Price: $349 for the Nexus 5X, $499 for the Nexus 6P
The iPhone SE is designed for Apple fans that want something smaller and cheaper than what Apple usually has to offer. It looks almost identical to the iPhone 5s, but acts more like an iPhone 6s on the inside. It has the same processor and camera as Apple’s latest flagship packed into a compact 4-inch device. The SE is also about $250 cheaper than the iPhone 6s, making it a bargain compared to Apple’s other options. It launches on March 31.
Chinese smartphone company OnePlus calls its phones “flagship killers,” mainly because it prices its smartphones very aggressively compared to larger competitors like Apple, Samsung, and LG. The company’s OnePlus 2 is a worthy sequel to its popular One phone: it offers a sturdier yet slim design, a fingerprint sensor, a 13-megapixel camera that can shoot 4K video, and a clean interface for less than $400.
It comes with a USB-C port rather than a micro-USB port like most Android phones, which some critics have pointed out as a downside.
Th G5, which will launch in early April, looks and feels completely different than LG’s previous flagship phones. This time the South Korean tech giant opted for a more premium metal design, a stark contrast from the leather and plastic back panels that debuted on last year’s G4.
Despite this new build, you can still swap out the G5’s battery by popping off the bottom of the phone. This removable base also allows the G5 to attach to certain LG accessories, like a camera grip. The G5 stands out from its competitors in another way: it has two rear cameras, one with a standard lens and another with a wide-angle lens. One potential drawback with the G5 could be bloatware. As with many Android phones, LG’s devices tend to come preloaded with unnecessary apps.
Motorola’s Moto X Pure is an affordable, big-screened phone that can be customized to your liking. Motorola’s Moto Maker program, which has been around since 2013, allows you to choose back panels in different colors and textures as well as metal accents that match.
Some of Motorola’s software additions are helpful, too. Moto Display, for instance, automatically wakes up the phone’s screen with new notifications. And it runs on a clean version of Android with no bloatware. A few critics, however, have dinged it for having mediocre battery life.

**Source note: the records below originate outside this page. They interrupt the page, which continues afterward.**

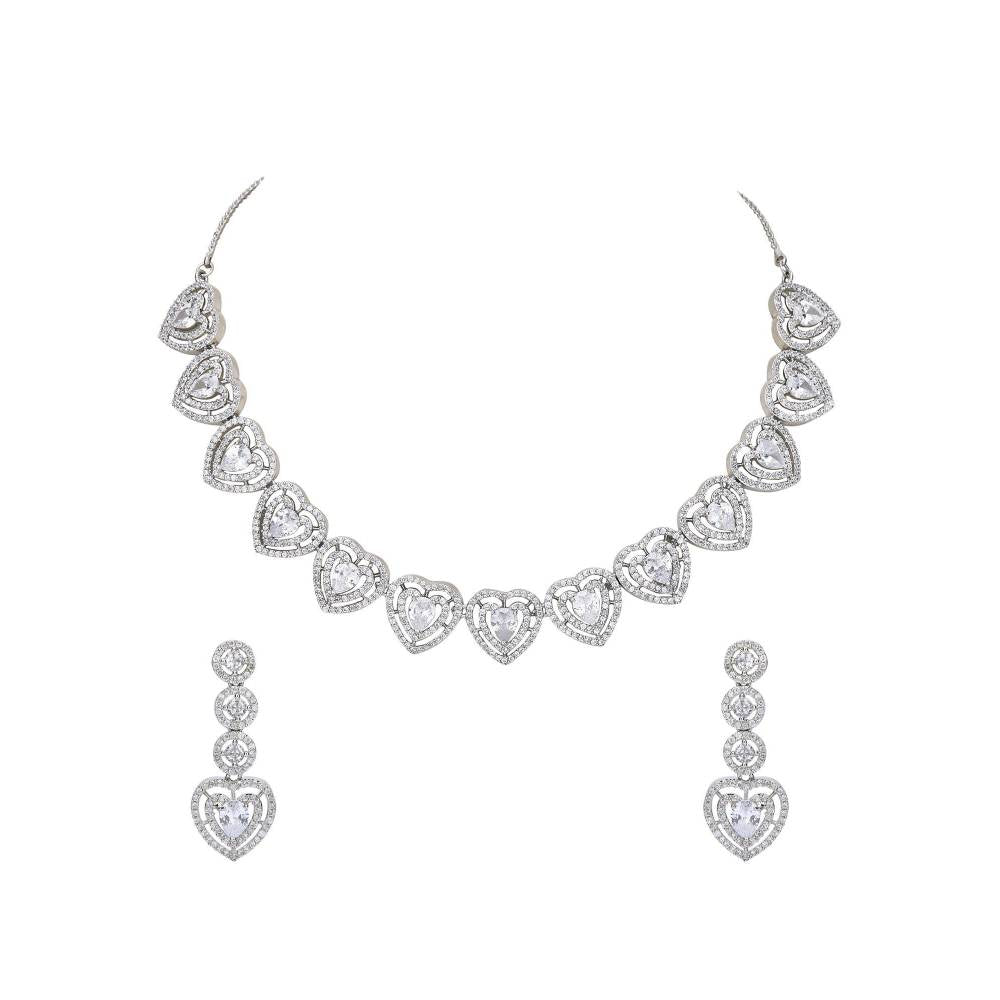 Auraa Trends Rhodium Plated American Diamond Zircon Silver Necklace Set For Women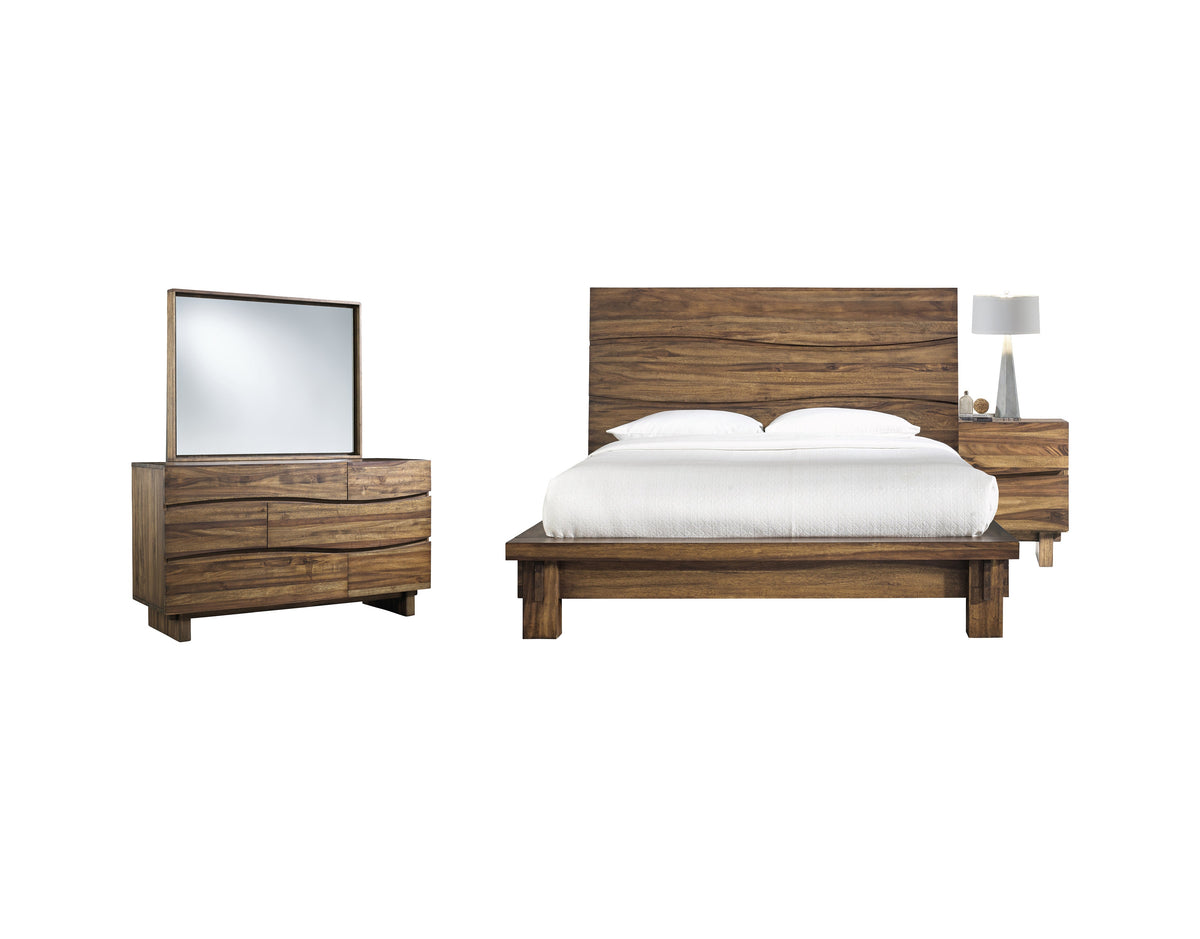 Modus Ocean 4PC Cal King Platform Bedroom Set w Nightstand in Natural Sengon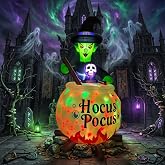 6 FT Halloween Inflatable Witch and Cauldron with RGB Lighted Halloween Blow Ups Outdoor Decorations for Yard, Lawn, Garden, Porch and Party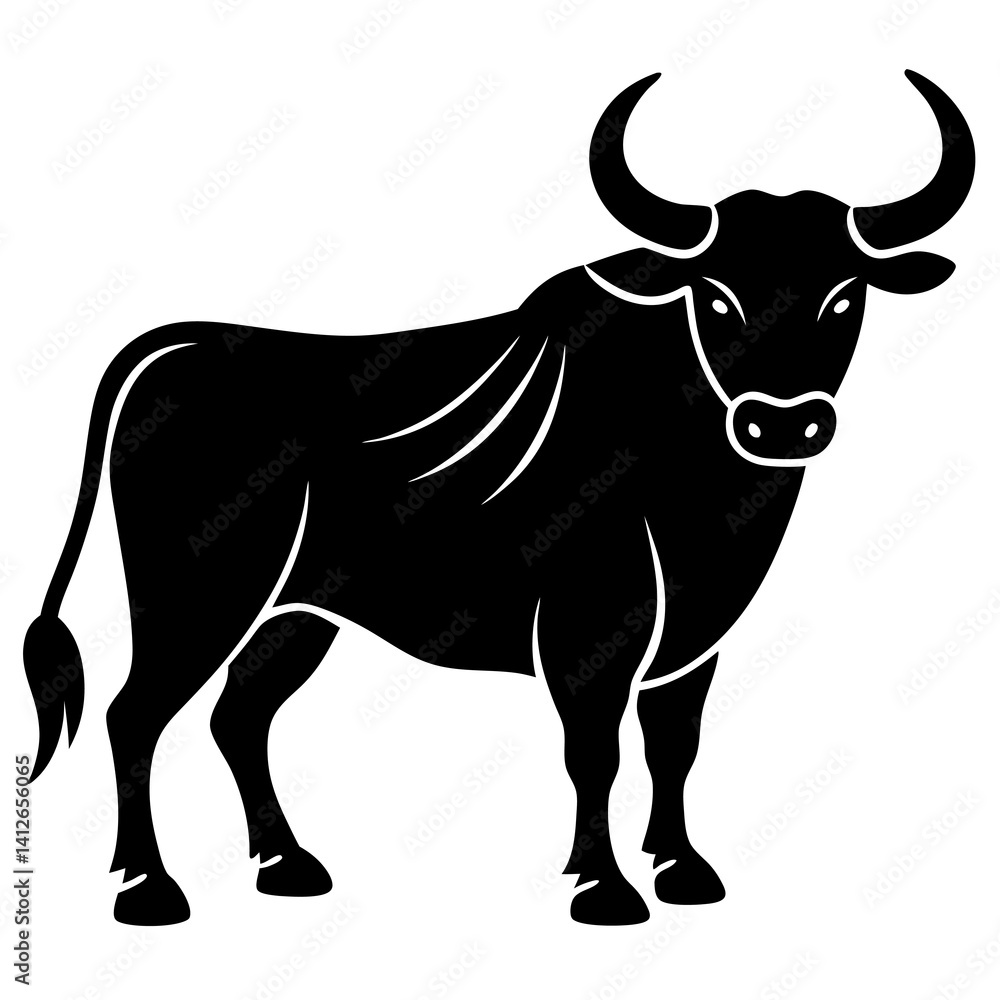 elegant bull vector icon on white background elegant bull vector icon on white background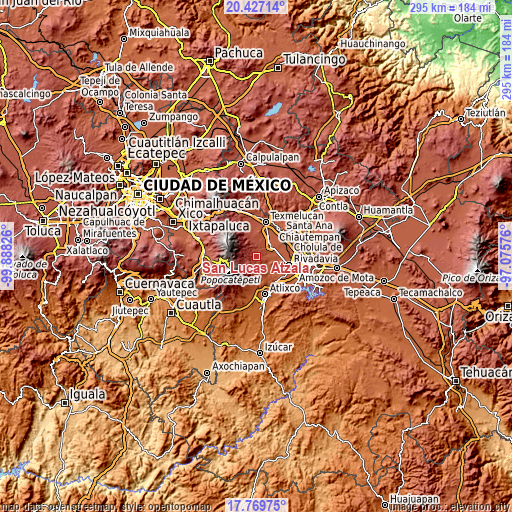 Topographic map of San Lucas Atzala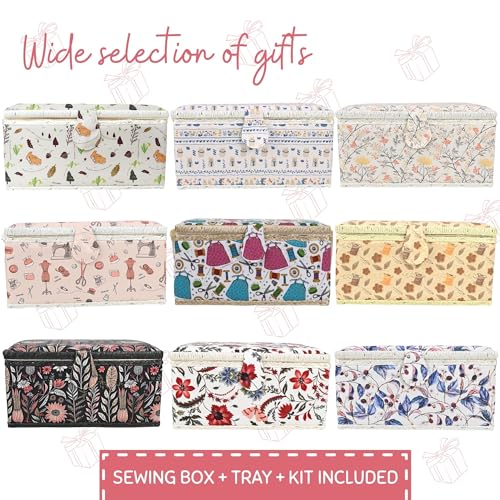 image for Comfecto Sewing Box Large with Removable Tray Pincushion, Sew Basket O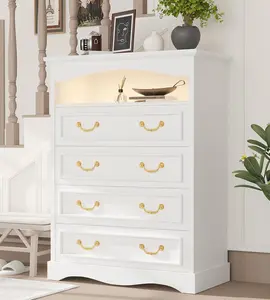 Farmhouse Drawers Dresser for Bedroom with Open Shelf and LED Lights, 44" Tall Wood Rustic Chest of Drawers, Vintage 5 Dresser for Living Room, Entryway, Hallway, White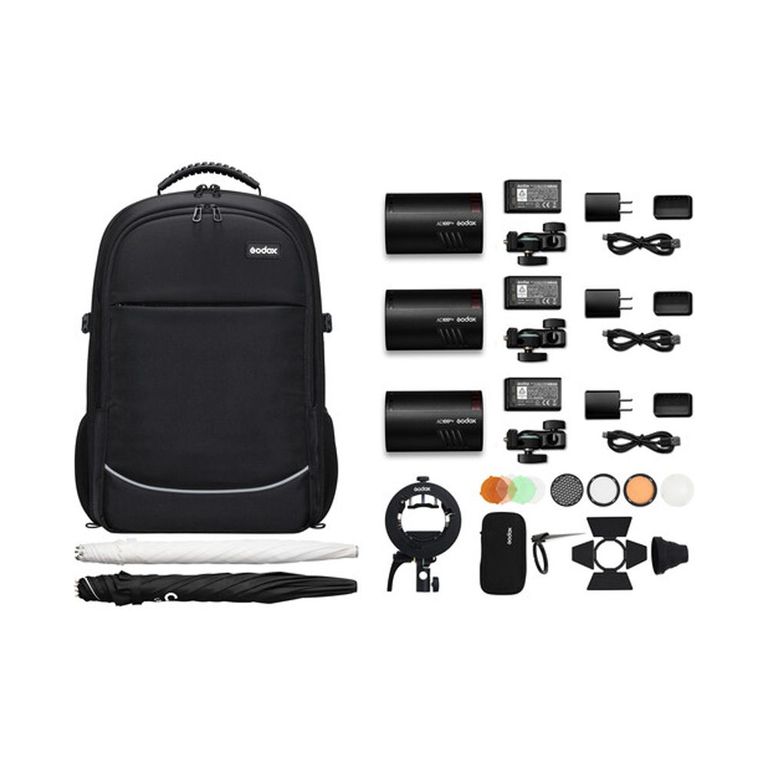 AD100pro pocket Flash kit de 3 luces.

The Lumia 950 is intended to be more than just a smartphone — Microsoft is hoping you’ll use it as a PC, too. It’s powered by the mobile version of Windows 10 and supports a feature called Continuum. This means you can plug the phone into a keyboard and monitor via a special accessory and have it act like a fully functional Windows PC.
The phone also comes with a 20-megapixel camera and a sharp 5.2-inch display. If you’re going for the Lumia 950, though, you’ll have to keep in mind that its app selection may be fairly limited compared to that of the iPhone and Android, a downside shared by all Windows phones.
Price: Around $600
The Droid Turbo 2 is made for those who can’t seem to hold on to their phone. The phone’s display is virtually shatter-proof, thanks to a technology that Motorola calls “Shatter Shield.” Engadget even tested the phone’s durability by running it over with a car and said the Turbo 2 survived, although that’s not to say it came away completely undamaged.
The Turbo 2 isn’t the most attractive phone, and it’s only available through Verizon in the U.S. But it’s safe to say you won’t have to live with a cracked screen. Motorola also claims the phone can last for two days on a single charge. That may be an overstatement, but reviews have said it offers generally good battery life.